Attenti, però: il fatto che il vecchio continente sia ormai «decristianizzato» non vuol dire che sia già venuta l'ora di liquidare come irrilevante la presenza nella vita pubblica di cattolici o protestanti. Anzi, tutto il contrario. A sostenerlo è il Pew Research Center, un centro di ricerca americano specializzato in analisi sociali e demografiche. Poco più di un mese fa ha pubblicato un'indagine frutto di un mega sondaggio condotto in 15 Paesi. L'obiettivo, come sintetizzato dal titolo, «Essere cristiani oggi nell'Europa Occidentale», era quello di mettere a fuoco la presenza e i valori dei credenti nel vecchio continente. Il risultato: «La maggioranza dei cristiani europei sono ormai non praticanti, ma i loro atteggiamenti si distinguono nettamente da chi non ha affiliazioni religiose, non solo per quanto riguarda Dio e il ruolo della religione nella società, ma anche sui problemi sociali, l'atteggiamento verso l'islam e verso l'immigrazione». I cristiani, insomma, sia pure a «bassa intensità», ci sono e si notano.
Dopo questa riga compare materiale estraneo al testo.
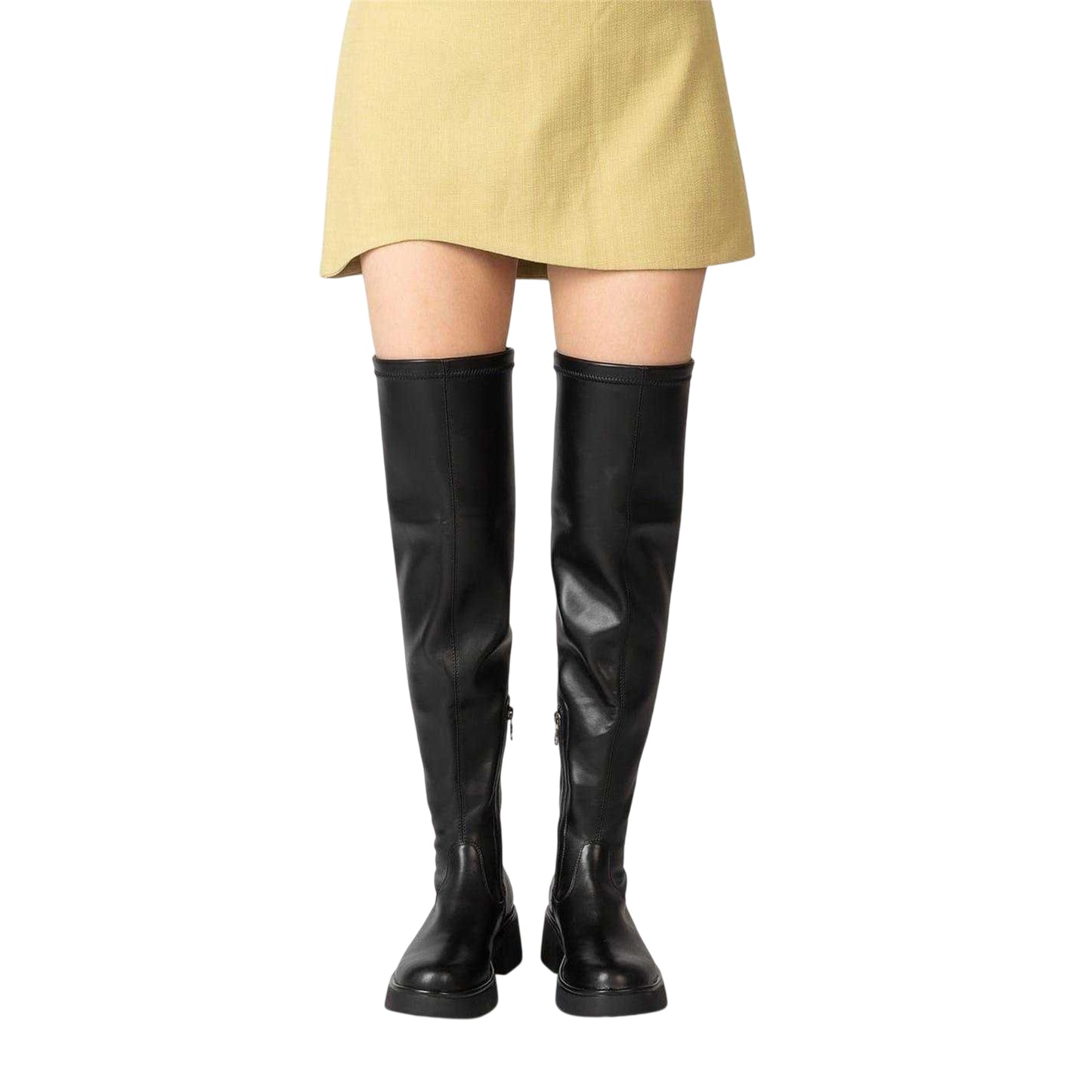 Black - Lifestyle - Miso Womens-Ladies Synthetic Leather Low Block Heel Thigh-High Boots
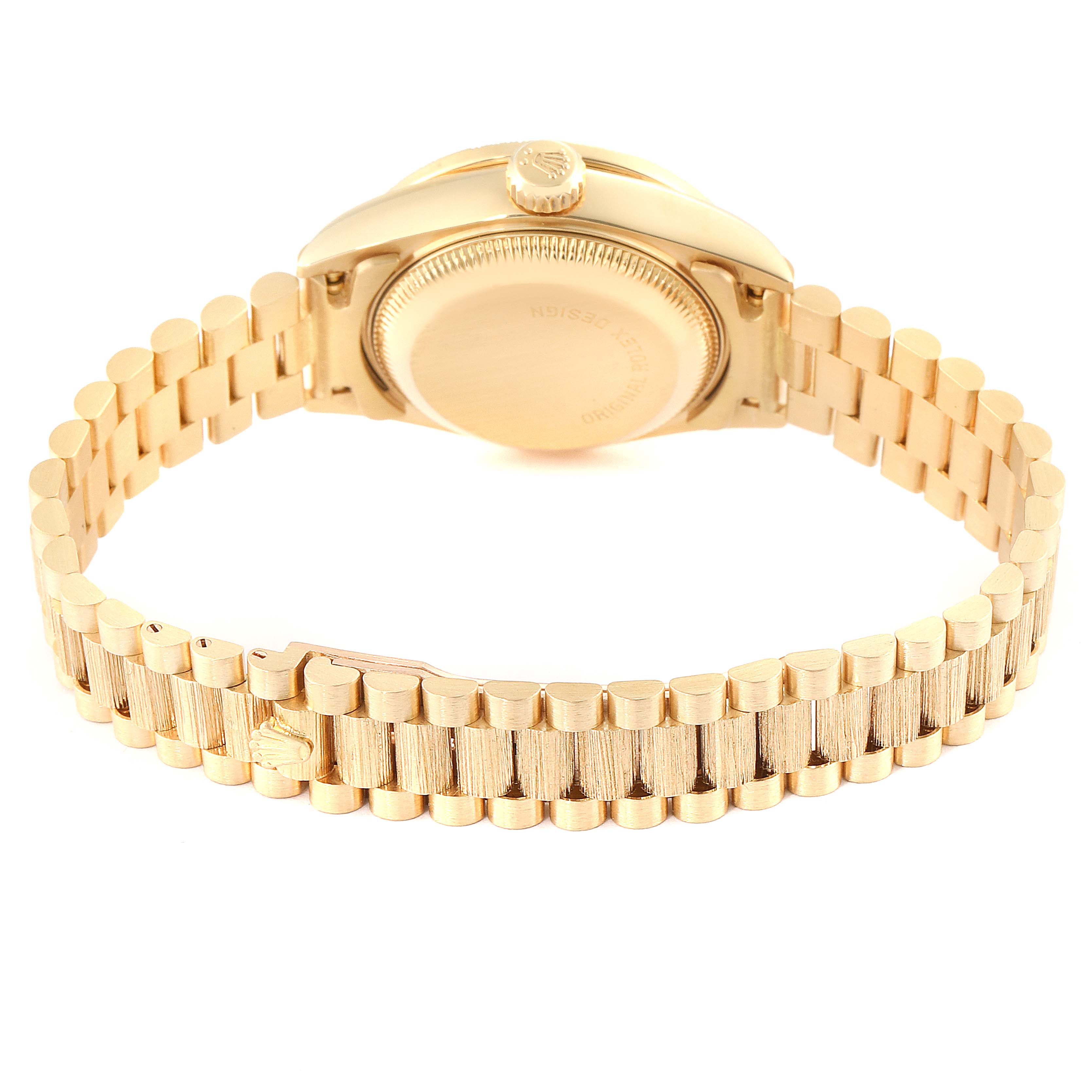 The image shows the back of the Rolex President 69288 Women's Yellow Gold Green Dial 69288 Women's Yellow Gold Green Dial model watch, including the case back and President bracelet.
Le prime cifre della ricerca (vedi anche i grafici pubblicati in queste pagine) riguardano la frequenza religiosa. E da questo punto di vita l'Italia, con un altro pugno di Paesi come Portogallo e Irlanda, si presenta come una specie di ultimo bastione della fede. Il 40% degli abitanti della penisola dichiara di andare in chiesa almeno una volta al mese. È la percentuale più alta d'Europa e a seguirci sono, appunto, il Portogallo con 35 e l'Irlanda con 34. Se si tiene conto anche dei non praticanti, in prima posizione con l'83% di cittadini che si definiscono cristiani è il Portogallo, seguito a pochi passi ancora da Irlanda e Italia a pari merito. Da notare l'abisso che ci separa da Paesi come l'Olanda (solo il 42% degli abitanti si dice cristiano), Svezia e Norvegia (52%), ma anche la posizione dell'un tempo cattolicissima Spagna, dove il livello di chi va in chiesa almeno una volta al mese è al 21%. In Italia, poi, è bassissima la percentuale di chi fa professione esplicita di ateismo o agnosticismo (il 15%), solo le solite Irlanda e Portogallo ci eguagliano mentre in Spagna il livello è doppio.

DIFFERENZA DI VALORI

La raffica di cifre non impressiona più di tanto Franco Garelli, docente di Sociologia delle religioni all'Università di Torino. «Qui si parla di frequentazione mensile, se si guarda a quella settimanale siamo anche sotto il 20%. È una pratica discontinua e sempre più culturale, una religione che viene recuperata nei momenti fondanti della vita familiare, il battesimo, il matrimonio, i funerali». Il tutto vissuto un po' all'italiana: «Rimaniamo un po' a metà strada: non abbiamo le tradizioni laiciste di altri Paesi, e allo stesso tempo l'apparenza è quella di una adesione non piena, mai vissuta totalmente».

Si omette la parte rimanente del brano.